XXV. "По декрету трибунала"
Игнатий Трущинский, знавший Хвалынцева в лицо, однажды, при случайной встрече в кондитерской Конти, где Константин играл с товарищами на бильярде, указал на него своему собрату Штейнгреберу. Цивилизованный еврейчик, заметив себе хорошенько черты лица и наружность Хвалынцева, стал выслеживать, где и в какие часы он больше и чаще бывает. Оказалось, что он довольно часто приезжает с товарищами обедать в ресторан Европейского отеля, — откуда обыкновенно они переходят к Конти сыграть партию-другую на бильярде. Узнав это, Штейнгреберу уже не трудно было указать на него в бильярдной зале пану Биртусу, которому нарочно, ради этого случая, был даже пожертвован скромный, но приличный костюм, без чего его не пустили бы сидеть и пить пиво в аристократической цукерне. После этого, пан Биртус принял на себя обязанность уже специально следить за Константином, и на следующий же день, захватив с собой пана Тршидесентего, стал в обеденный час прогуливаться с ним по Краковскому предместью, мимо Европейского отеля, поджидая, когда подъедет Хвалынцев и наказывая своему ученику как можно лучше и вернее заприметить себе этого «ладайка-москаля», чтобы потом, борони Боже, не вышло бы какой ошибки. В урочный час Константин подъехал к отелю и, пока расплачивался с дружкарем, оба молодца Броварной улицы успели подойти как раз к самому подъезду, так что Хвалынцев прошел мимо их в каком-нибудь шаге расстояния. Пан Нумер Тршидесенты в это время достаточно успел схватить себе общее впечатление его наружности, так что на другой день, когда пан Биртус захотел сделать ему поверку, Нумер Тршидесенты уже сам первый указал ему подъехавшего Константина. Биртус остался очень доволен его наблюдательностью и доложил Штейнгреберу, что теперь можно быть насчет «шинки» в полной уверенности и что ошибки произойти уже не может.
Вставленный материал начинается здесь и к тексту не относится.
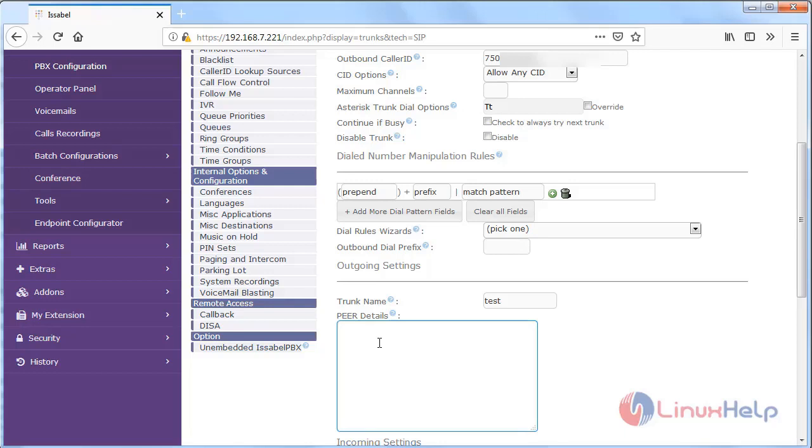First of all here we have to give SIP IP, then give username, then give secret key, then we have to give type.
Все это было делом четырех-пяти дней, не более.
Но как ни зорко следили эти господа за Хвалынцевым, как ни подстерегали его по разным закоулкам и подворотням вблизи его квартиры, обстоятельства случайным образом складывались так, что мальчонке-мастеровому крайне рискованно было бы приводить в исполнение приговор трибунала: то постороннего народа много на улице, то полицейский дозорца напротив торчит и смотрит, то русские солдаты проходят, то сам Хвалынцев идет, но не один, а с товарищами — все это неловко, неудобно, опасно и не позволяет рассчитывать на удачу дела и на верность удара. Словом сказать, дело не выгорало. Время проходит, приговор подписан и дан к исполнению уже давным-давно, а намеченная жертва меж тем преспокойно еще гуляет по варшавским улицам. Ксендз Кароль Микошевский начал даже находить, что такое промедление наносит ущерб достоинству и авторитету трибунала. В центральном комитете, по этому поводу, были недовольны частию операторной, и через Микошевского сделали формальное и строгое замечание шефу операторов, достопочтенному старцу Крушинскому, который в свою очередь объявил выговор помощнику своему Штейнгреберу. Надо заметить, что ржонд народовый вообще чрезвычайно любил подражать всем формальным канцелярским порядкам настоящих правительств и не скупился на циркуляры, указания, предписания и выговоры по всем своим нисходящим инстанциям. Вся эта комическая пародия проделывалась с большою аккуратностью и замечательным постоянством.